Anti-bail bonds advocates managed to convince New Hampshire Governor Chris Sununu to sign SB 556 last year. That bill brought sweeping changes to the Granite State’s long established bail system. The goal, as stated by Sununu at the time, was to eliminate inequality in the criminal justice system by making sure no one was being held simply because they couldn’t afford bail. The reality of SB 556 however has turned out to be quite different. And law enforcement officials throughout the state are demanding changes.
SB 556 was supposed to foster equality in the justice system by making sure that even those who could not afford to post bail would be able to obtain release, just like those who could afford it. But in reality only a handful of people in New Hampshire were actually being detained because they couldn’t afford bail. And the new law, instead of fostering equality, has replaced bail with nothing and fostered a sense of lawlessness.
Under SB 556 bail commissioners and judges are instructed to disregard bail schedules and the person’s criminal record and focus only on what the defendant can afford. And determining what a person can or can’t afford is accomplished, not by having a look at their tax returns or even their pay stubs, but by asking them. That’s right. You have an accused felon in front of you and to determine their bail you ask them what they can afford to pay. Most of course say “nothing” and the court has to take their answer at face value and release them.

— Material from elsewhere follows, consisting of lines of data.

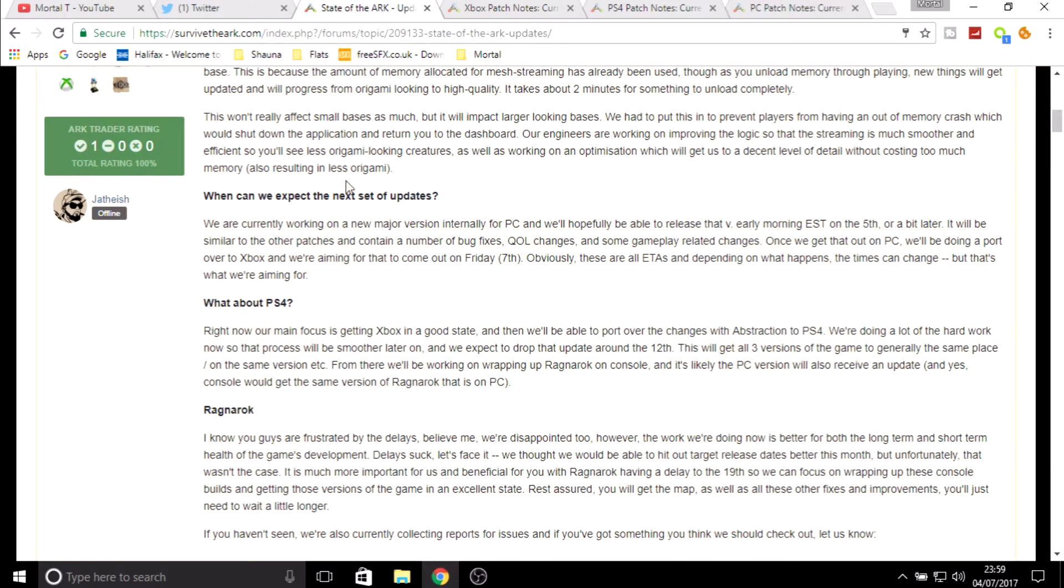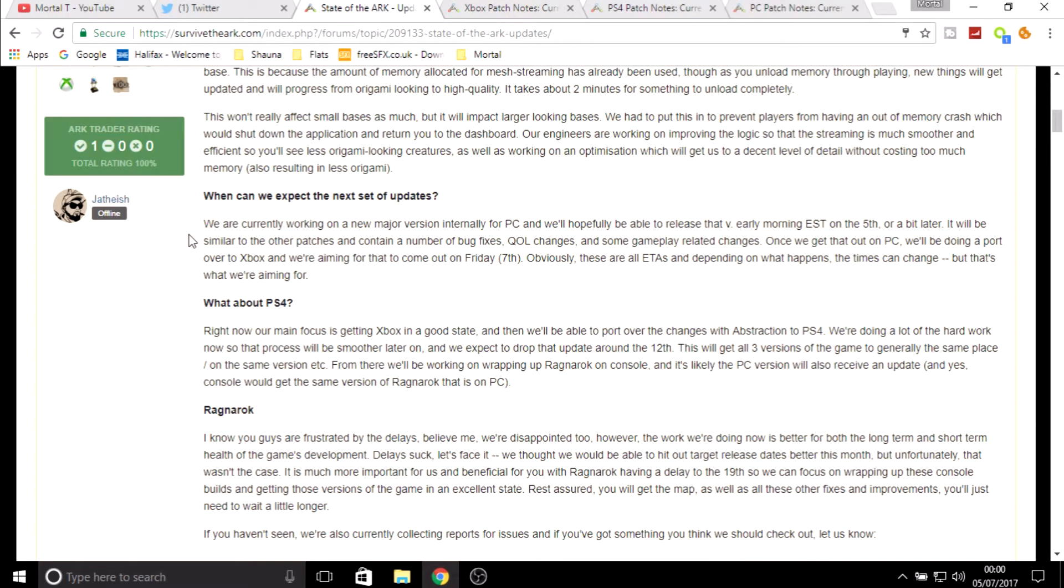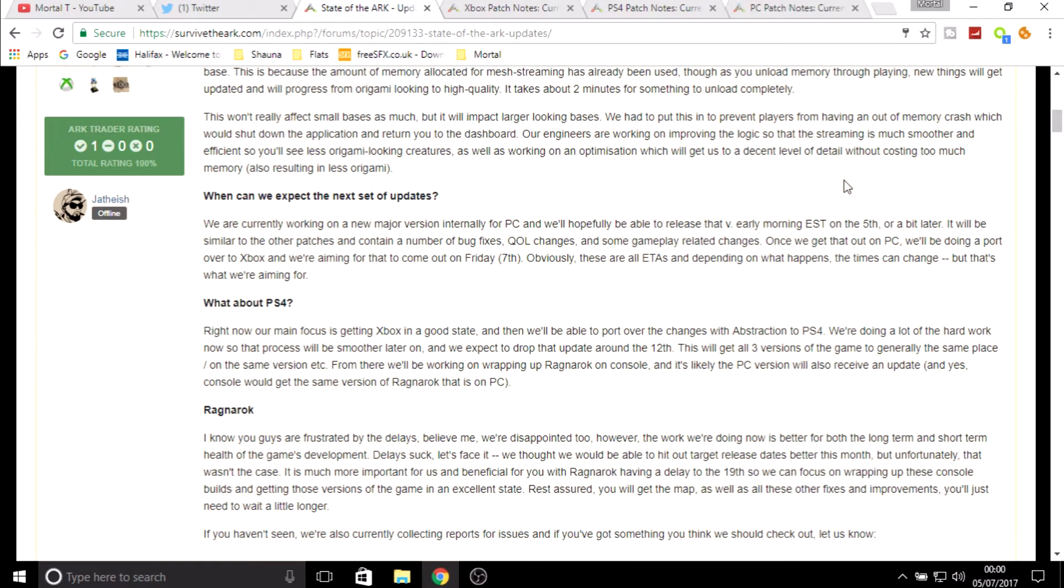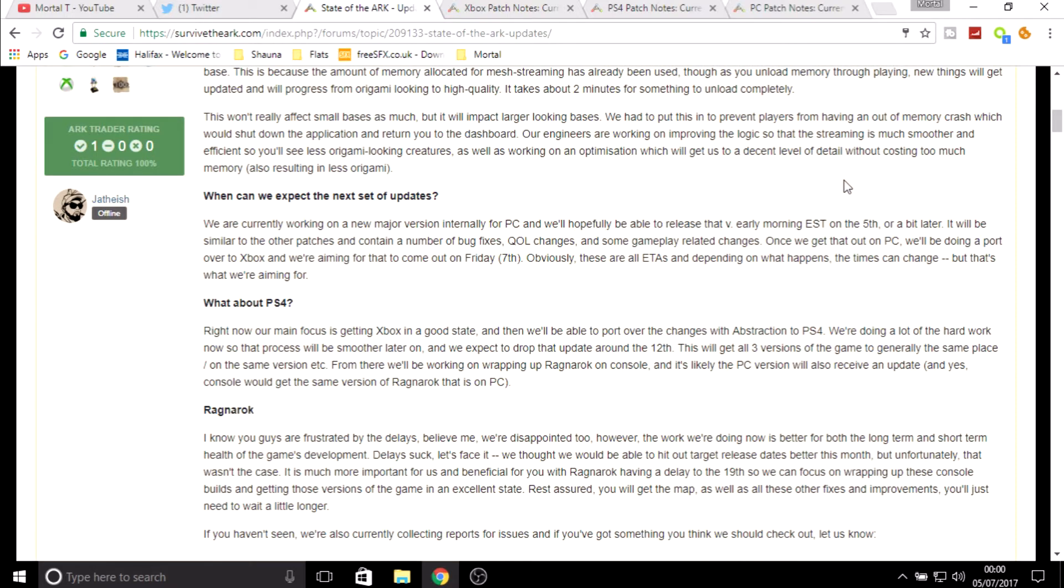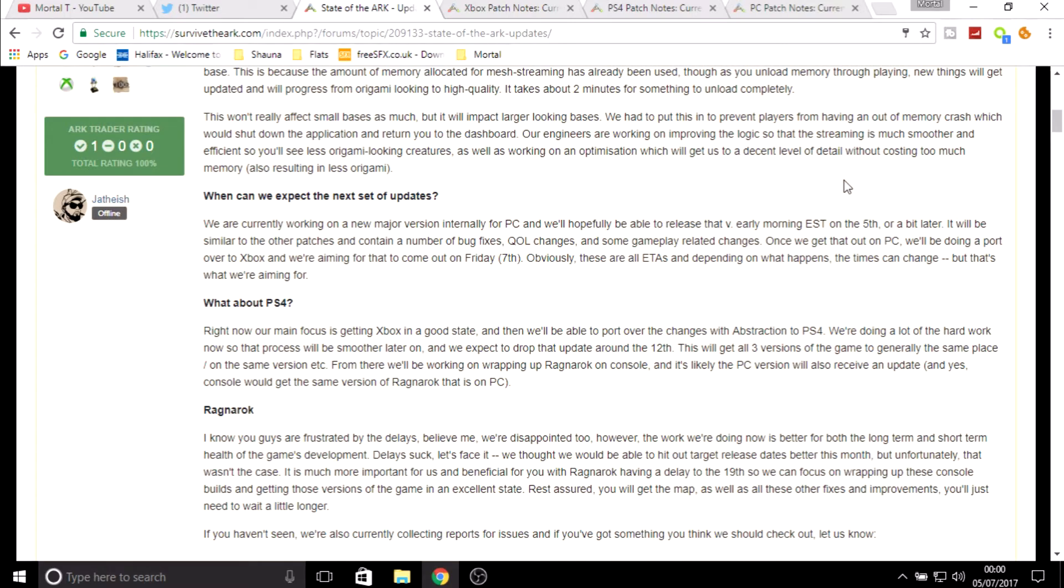When can we expect the next set of updates? They are currently working on a new major version for the PC. They'll hopefully be able to release that very early morning eastern time on the 5th of July, or a bit later. Concentrate on that bit, or a bit later. It will be similar to the other patches and contain a number of bug fixes, quality of life changes, and some gameplay related changes. Once they get that out on PC they'll be doing a port over to Xbox, and they're aiming for that to come out Friday the 7th. Obviously these are all ETAs, which is estimated time of arrivals.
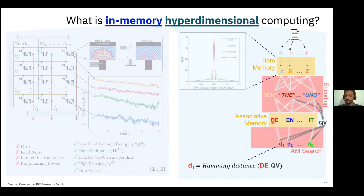During inference, we take a sentence from an unknown language, map its symbols to their high-dimensional representations, create n-gram representations, and build a query hypervector for the sentence. We then calculate the distances from the query vector to each prototype hypervector — typically using Hamming distance for binary high-dimensional representations.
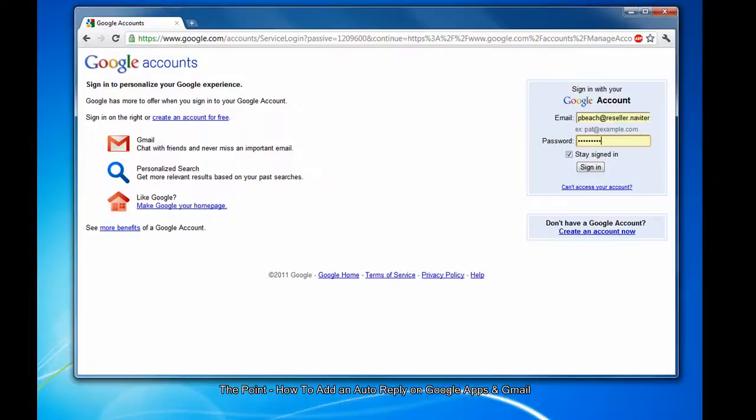Hello and welcome to The Point from Navitend. In this screencast we'll look at how to add an auto-reply on Google Apps or Gmail. Auto-replies are useful if you're going away and will not be responding immediately to emails, and you want people who send you an email during this period to know that you are away right away.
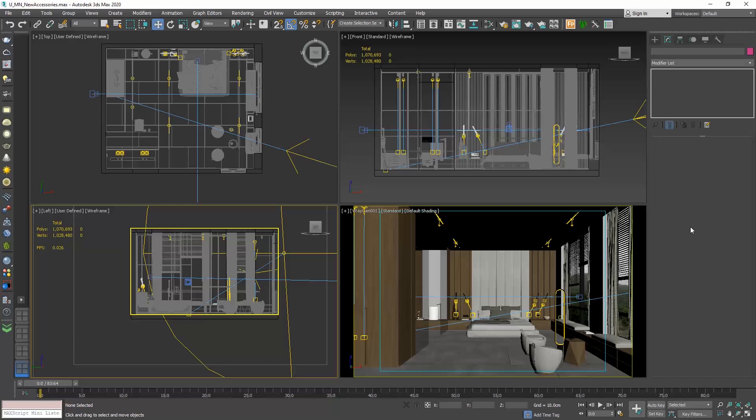Now that we have reviewed the various websites that you can go and download 3D models, let's go to our scene and put some nice accessories that we will download from those websites. Open the file new accessories and let's delete the accessories that I have already placed.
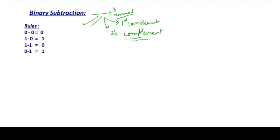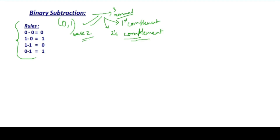In this video, we will cover the first method — that is, normal subtraction. In binary subtraction, there are rules. In binary, we have two digits: 0 and 1, which means base 2. The rules are: 0 minus 0 is 0; 1 minus 0 is 1; 1 minus 1 is 0; and 0 minus 1 is 1, but here we have to borrow.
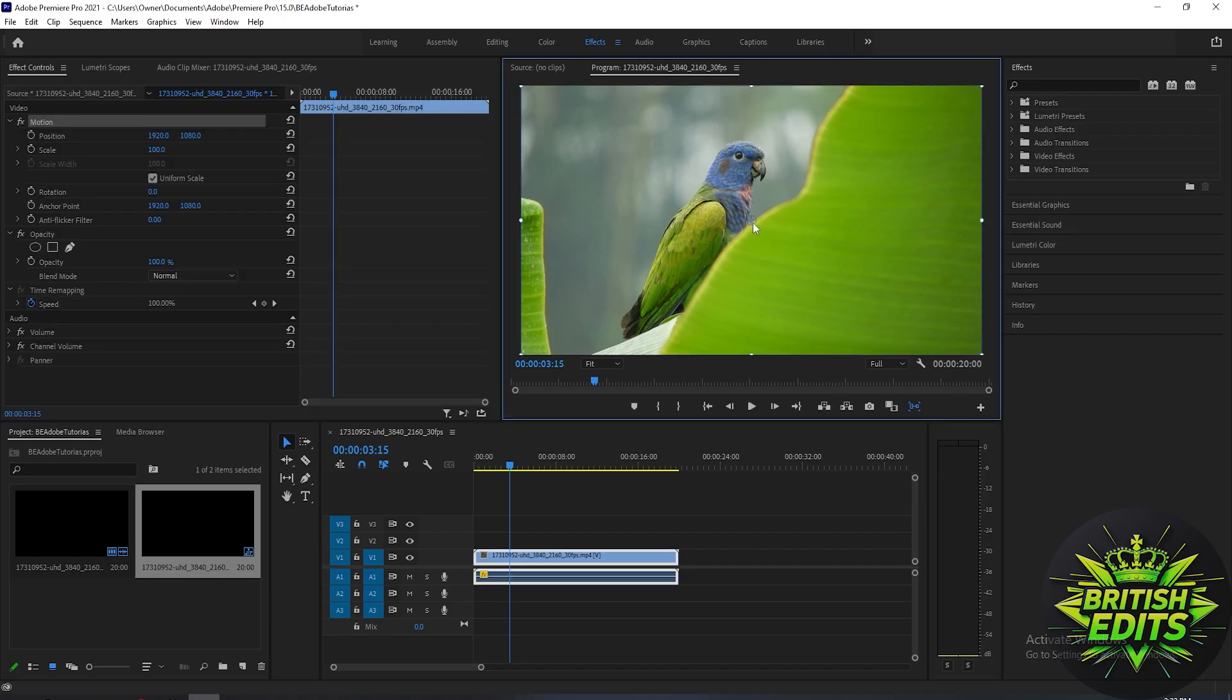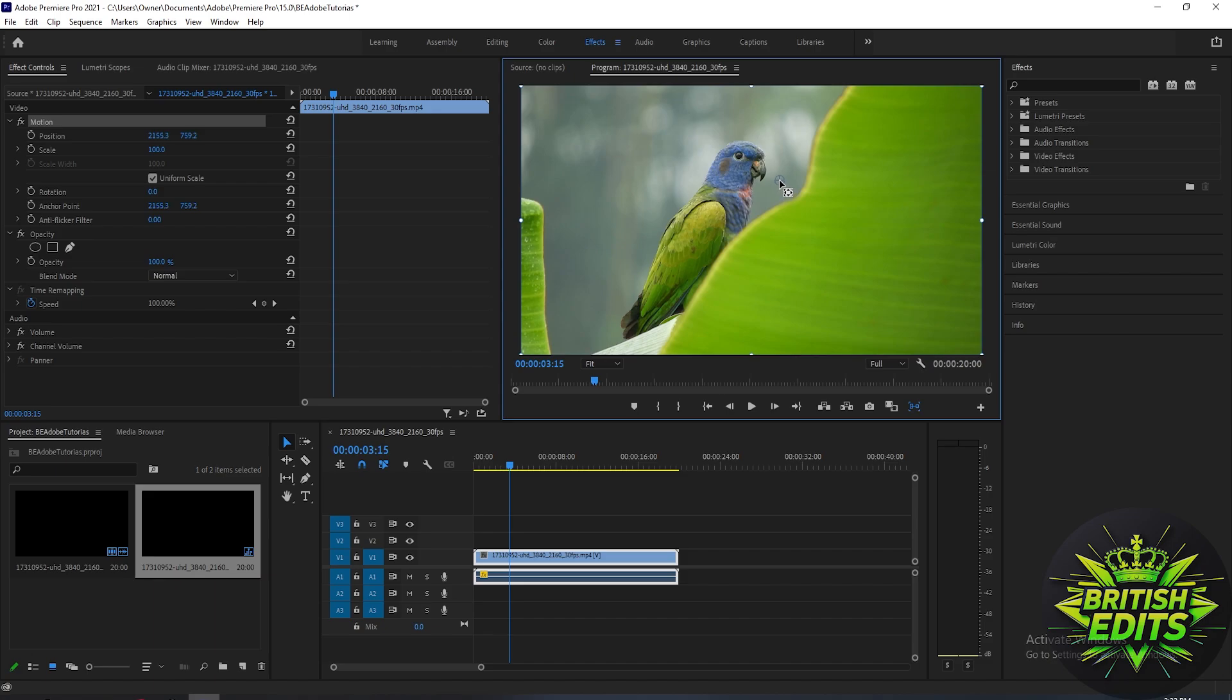the preview here. Then we will adjust the circle on where we want to zoom in. So I'll just put it here, a little bit more right side on the bird's head, because I want to zoom in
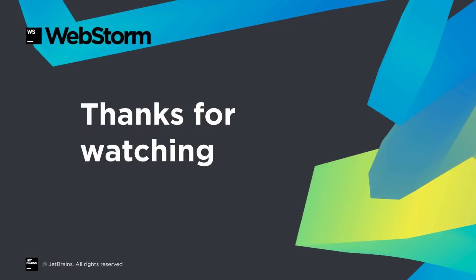WebStorm 2018.2 brings many improvements across many parts of the IDE: Coverage, React, Angular, Testing, and more. We hope you enjoy this release, and thanks for watching this what's new video.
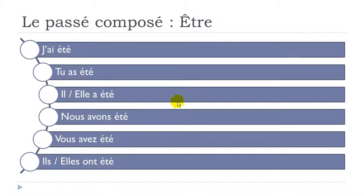All right? So one thing that really, really you should remember is that even if it's être, to be, then you will have to construct it with avoir.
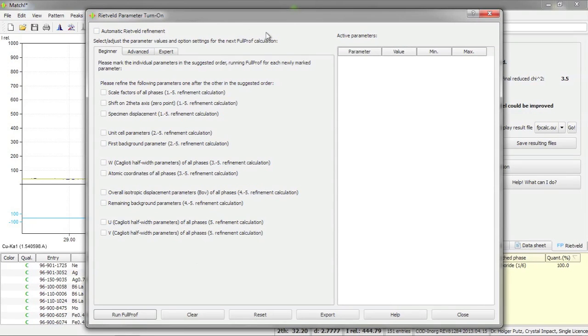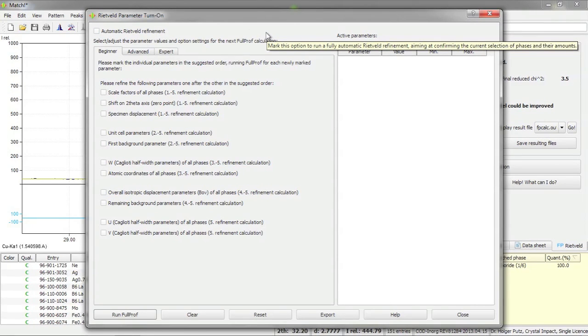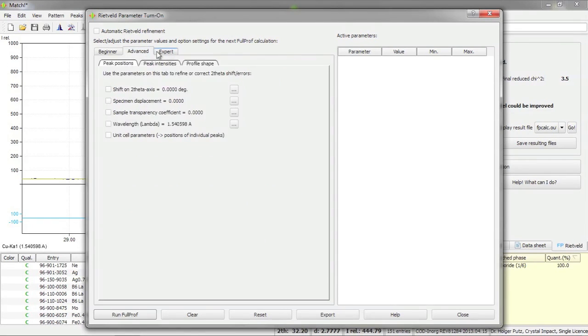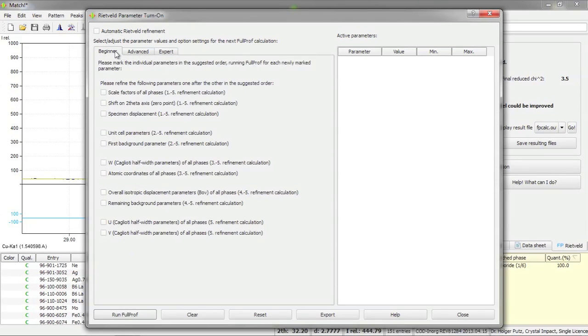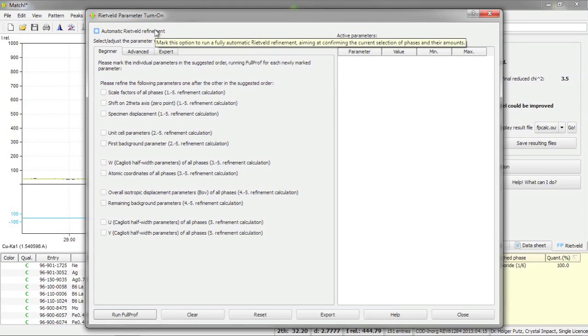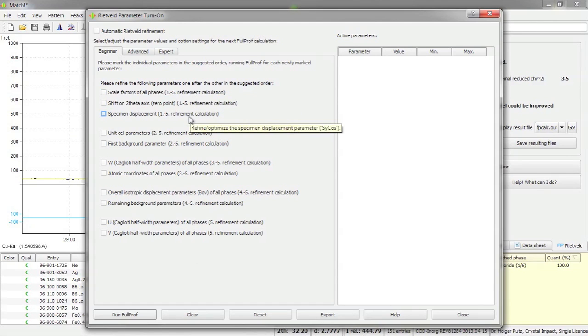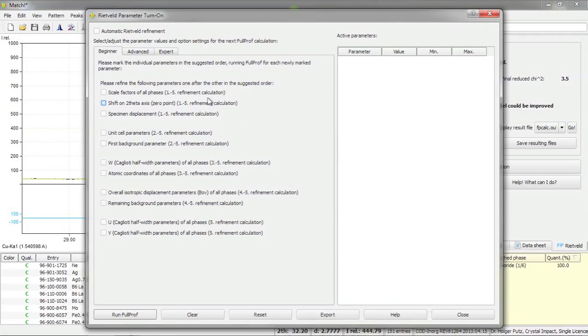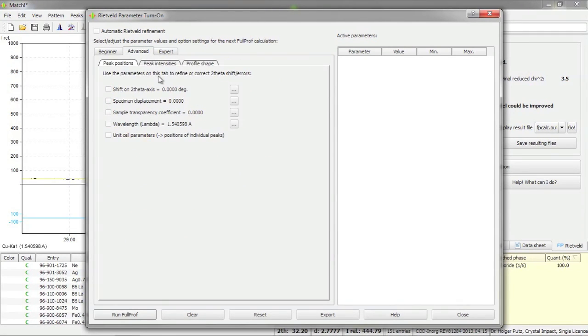Let me first give you a short overview over the parameter turn-on dialog. In this dialog you mark the parameters that you would like to refine in the next full prof calculation. The parameters are grouped according to three selections: beginner, advanced and expert. Here on the beginner tab you will find the most common parameters that are also used during the automatic Rietveld refinement along with a certain suggested order in which they should be included in the refinement process. But this is not mandatory, you can select any parameter as you like.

Of course, judges still have the right to hold individuals they deem to be dangerous. But the definition of “dangerous” has been changed by SB 556 as well. In the past, for example, prosecutors could argue that a person who had been repeatedly arrested on drug charges and who was a known addict could be held as being dangerous. After all, drug addicts often raise money to feed their habit by breaking into people’s homes and stealing things. In addition, addicts are by their very nature a danger to themselves.
Not anymore. Now they’re victims of their condition and you can’t hold their condition against them when determining if they should be held over for trial. But it isn’t just junkies that are walking the streets again shortly after being arrested for breaking and entering. Goffstown Police Chief Robert Browne cites the case of one Matthew Gedney as being typical of what’s going on in New Hampshire now that bail has been drastically curtailed.
In March of this year Goffstown Police picked up the 35 year old Gedney after spotting him prowling around, seemingly sizing up homes to burglarize. Gedney also earned a charge of resisting arrest that night when officers confronted him. When they brought him in they discovered he had several outstanding warrants issued by towns all over the state.
Naturally, based on his lengthy record and numerous outstanding warrants they detained him pending his court appearance. Right? Well, not exactly. Well then, they must have certainly slapped him with a substantial bail amount in order to ensure he would show up in court for his latest infractions, right? Nope. The fact is, that because he said he couldn’t afford to pay bail he was released free of charge on the spot. And when the day came for him to appear in court to face the prowling and resisting arrest charges where was he? Robbing a homeowner at gunpoint.
Dan Conley is a prosecutor who works with the Goffstown Police Department. He’s seen how the quality of life and public safety have suffered since Governor Sununu decided to issue everyone a “get out of jail free” card. As Conley says “We do not want to hold people that don’t need to be held, but we want the ability to hold people that need to be held.” And SB 556 removes that ability.
In addition, simply releasing virtually everyone is creating a pattern of lawlessness whereby people are racking up lengthy criminal records quickly simply because they’re free to do so. It’s the kind of thing bail supporters warned about when the anti-bail bonding cabal descended on Jefferson County, Arapahoe County and Denver County last year. A prediction that’s unfortunately proved only too accurate in New Hampshire.
Anti-bail zealots have long argued that releasing everyone reduces the number of people the city, county or state has to house, feed and take care of. And that therefore, taxpayers will enjoy big savings. The problem with that line of thinking is that it ignores the cost of having to keep track of thousands of defendants being released on their own recognizance.
It also ignores the cost of having to track down fugitives and return them to custody, a job that used be done by the bondsman at no cost to the state. And of course it also ignores the increased danger to taxpayers who now have the Matthew Gedney’s of the world standing in their living room holding a gun to their heads, instead of being in jail where he belongs.
Both the state and bail reform advocates have promised to fix the problems created by SB 556. Whether they do or not remains to be seen. In the meantime New Hampshire has become the kind of place Matthew Gedney is proud to call home.